Slovenia puts up castles, airport for sale

Slovenia puts up castles, airport for sale

A typical Slovenian castle. Twenty similar castles are on sale in Slovenia.

Slovenia is up for sale. Desperate to come out of the financial crisis that struck the world in 2008, this tiny east European country offers everything – from heritage castles to airport – for sale, hoping to find prospective buyers from India.

The Slovenian prime minister who will visit India a week from now will bring a large business delegation to showcase the business and investment opportunity in Slovenia. The aim is to attract large Indian investment besides expanding the bilateral trade volume. “The policies are in place to attract Indian capital. We want Indian capital to come here,” Prime Minister Borut Pahor told a group of visiting Indian journalists last week.

Other officials echo the sentiment. “We would like to connect to new geographies in the export and import market and India is our target. We will talk to Indian banks and investment companies inviting them to Slovenia,” said Finance Minister Franc Krizanic.

Immediate priorities

The immediate priorities include a tie-up with Air India to bail out the Slovenian carrier Adria, Indian investment for building a new pier in the port of Kopper and luring Indian shipping business to use the port as a gateway to central Europe and selling of a host of Slovenian companies and real estate.

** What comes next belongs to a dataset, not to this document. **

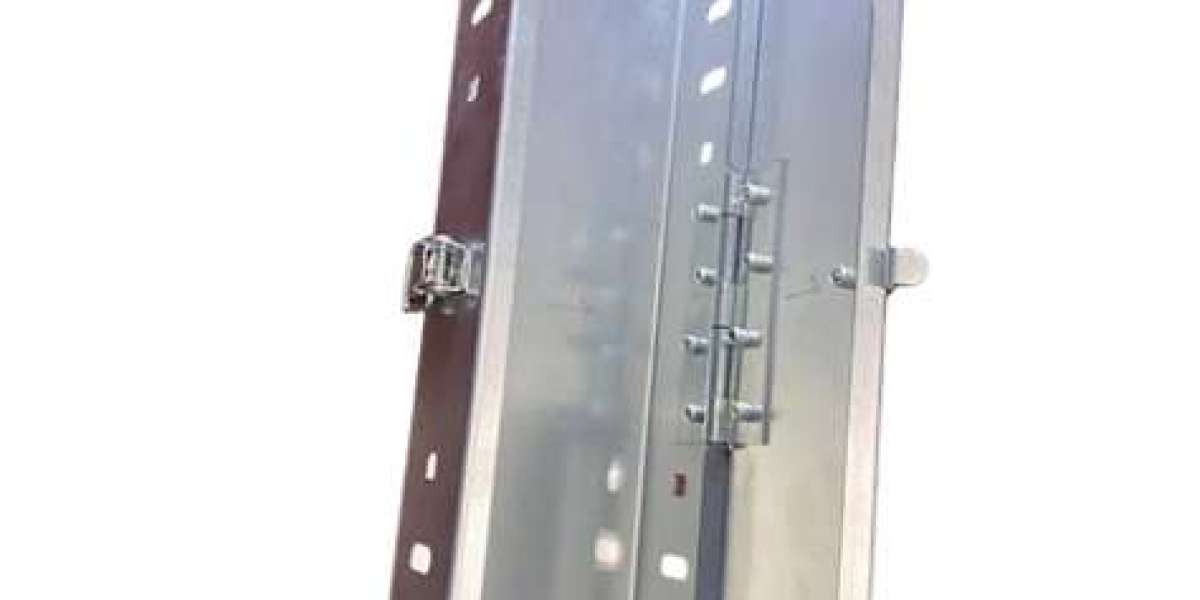 What conditions should the grounding points of Molded Cable Tray meet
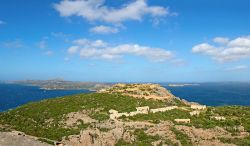 La fortezza di Capo d'Orso, frazione a 3 km da Palau nel nord della Sardegna, in Gallura. Mimetizzata tra le rocce e la vegetazione mediterranea, la struttura difensiva militare fu creata ...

As many as 20 heritage castles are on sale, each with a price tag of between Rs 7 crore and 35 crore (between 1 million and 5 million Euro), which is as good as the cost of luxurious houses or pent houses in Mumbai, Delhi or Bangalore. “The selling list includes an airport (Maribor), an aviation company (Adria), 20 castles and many companies. We are also looking for investment in the power plants and the third terminal at the port of Kopper,” said Igor Plestenjak, the chief executive officer of the Public Agency of the Republic of Slovenia for Entrepreneurship and Foreign Investment.

There are many companies across Slovenia which are also on the selling list, which includes a firm producing ski equipment and a 70,000 sq mt Spa and mineral spring. Indian participation is also sought in almost every quarter to boost the sagging trade.

The trade volume between India and Slovenia stood at 247 million Euro in 2010 which is an increase of 15 per cent over 2009 trade. Slovenia imported goods worth 175 million Euro while exporting products worth 72 million Euro comprising high quality paper for currency notes among other items.

“At the moment only 4 per cent of our trade is with BRICS (Brazil-India-China-South Africa) nations. This has to change. One of the objectives of the prime minister’s visit is to engage in more B2B discussions with Indian companies,” said Darja Radic, the minister of economy.

Sops are on the table for big ticket investments. For big investments which will lead to job creation, the government will offer as much as 30 per cent of the investment as cash subsidy, said Krizanic.